[Records from a dataset]
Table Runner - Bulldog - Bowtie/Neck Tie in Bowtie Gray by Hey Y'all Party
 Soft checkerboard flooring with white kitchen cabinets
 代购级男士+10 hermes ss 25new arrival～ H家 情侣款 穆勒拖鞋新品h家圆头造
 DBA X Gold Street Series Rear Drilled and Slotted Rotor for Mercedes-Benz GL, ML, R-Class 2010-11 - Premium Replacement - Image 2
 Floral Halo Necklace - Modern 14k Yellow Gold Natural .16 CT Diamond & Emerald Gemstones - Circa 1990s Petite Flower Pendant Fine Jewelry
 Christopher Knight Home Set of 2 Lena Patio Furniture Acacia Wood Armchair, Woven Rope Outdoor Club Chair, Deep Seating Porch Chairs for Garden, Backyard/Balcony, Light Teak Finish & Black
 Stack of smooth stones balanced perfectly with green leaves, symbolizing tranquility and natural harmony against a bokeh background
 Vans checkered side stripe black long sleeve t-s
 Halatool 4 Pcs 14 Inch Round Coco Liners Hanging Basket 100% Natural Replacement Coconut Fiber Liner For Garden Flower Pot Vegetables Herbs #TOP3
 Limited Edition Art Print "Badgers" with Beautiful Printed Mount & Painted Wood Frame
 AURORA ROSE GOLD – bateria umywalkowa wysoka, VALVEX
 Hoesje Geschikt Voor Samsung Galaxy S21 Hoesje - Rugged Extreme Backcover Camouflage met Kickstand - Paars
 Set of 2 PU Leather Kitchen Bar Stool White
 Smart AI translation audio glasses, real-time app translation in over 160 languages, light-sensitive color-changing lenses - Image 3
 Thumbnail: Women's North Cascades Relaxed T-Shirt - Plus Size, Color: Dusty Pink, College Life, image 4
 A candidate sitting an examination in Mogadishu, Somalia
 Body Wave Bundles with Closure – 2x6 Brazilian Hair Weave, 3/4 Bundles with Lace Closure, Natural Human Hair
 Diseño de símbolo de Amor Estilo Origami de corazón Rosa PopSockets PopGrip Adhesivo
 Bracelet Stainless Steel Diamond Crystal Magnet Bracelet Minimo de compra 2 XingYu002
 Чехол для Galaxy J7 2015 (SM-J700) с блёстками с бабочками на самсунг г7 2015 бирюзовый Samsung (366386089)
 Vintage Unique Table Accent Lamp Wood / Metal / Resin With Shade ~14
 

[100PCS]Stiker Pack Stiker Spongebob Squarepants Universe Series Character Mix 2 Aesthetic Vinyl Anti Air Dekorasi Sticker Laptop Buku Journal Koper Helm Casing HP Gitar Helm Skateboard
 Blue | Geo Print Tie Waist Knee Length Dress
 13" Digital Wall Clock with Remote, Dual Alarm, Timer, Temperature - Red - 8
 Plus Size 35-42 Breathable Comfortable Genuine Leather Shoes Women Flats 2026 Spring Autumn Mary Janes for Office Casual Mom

• What the task requires:
Once you find the line with "Christopher Knight Home" above, print it and every line after it up to and including the line with "Temperature - Red - 8", exactly as written and nothing else.

• Exercise output:
 Christopher Knight Home Set of 2 Lena Patio Furniture Acacia Wood Armchair, Woven Rope Outdoor Club Chair, Deep Seating Porch Chairs for Garden, Backyard/Balcony, Light Teak Finish & Black
 Stack of smooth stones balanced perfectly with green leaves, symbolizing tranquility and natural harmony against a bokeh background
 Vans checkered side stripe black long sleeve t-s
 Halatool 4 Pcs 14 Inch Round Coco Liners Hanging Basket 100% Natural Replacement Coconut Fiber Liner For Garden Flower Pot Vegetables Herbs #TOP3
 Limited Edition Art Print "Badgers" with Beautiful Printed Mount & Painted Wood Frame
 AURORA ROSE GOLD – bateria umywalkowa wysoka, VALVEX
 Hoesje Geschikt Voor Samsung Galaxy S21 Hoesje - Rugged Extreme Backcover Camouflage met Kickstand - Paars
 Set of 2 PU Leather Kitchen Bar Stool White
 Smart AI translation audio glasses, real-time app translation in over 160 languages, light-sensitive color-changing lenses - Image 3
 Thumbnail: Women's North Cascades Relaxed T-Shirt - Plus Size, Color: Dusty Pink, College Life, image 4
 A candidate sitting an examination in Mogadishu, Somalia
 Body Wave Bundles with Closure – 2x6 Brazilian Hair Weave, 3/4 Bundles with Lace Closure, Natural Human Hair
 Diseño de símbolo de Amor Estilo Origami de corazón Rosa PopSockets PopGrip Adhesivo
 Bracelet Stainless Steel Diamond Crystal Magnet Bracelet Minimo de compra 2 XingYu002
 Чехол для Galaxy J7 2015 (SM-J700) с блёстками с бабочками на самсунг г7 2015 бирюзовый Samsung (366386089)
 Vintage Unique Table Accent Lamp Wood / Metal / Resin With Shade ~14
 

[100PCS]Stiker Pack Stiker Spongebob Squarepants Universe Series Character Mix 2 Aesthetic Vinyl Anti Air Dekorasi Sticker Laptop Buku Journal Koper Helm Casing HP Gitar Helm Skateboard
 Blue | Geo Print Tie Waist Knee Length Dress
 13" Digital Wall Clock with Remote, Dual Alarm, Timer, Temperature - Red - 8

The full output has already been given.